* TASK:
Transcribe the entire listing, keeping each word as it is.

* PROVIDED MATERIAL:
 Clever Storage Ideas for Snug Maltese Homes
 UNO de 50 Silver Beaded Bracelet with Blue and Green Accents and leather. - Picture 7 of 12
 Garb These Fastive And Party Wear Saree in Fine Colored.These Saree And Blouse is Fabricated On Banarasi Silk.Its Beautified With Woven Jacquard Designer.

* RESPONSE FOR THIS EXERCISE:
 Clever Storage Ideas for Snug Maltese Homes
 UNO de 50 Silver Beaded Bracelet with Blue and Green Accents and leather. - Picture 7 of 12
 Garb These Fastive And Party Wear Saree in Fine Colored.These Saree And Blouse is Fabricated On Banarasi Silk.Its Beautified With Woven Jacquard Designer.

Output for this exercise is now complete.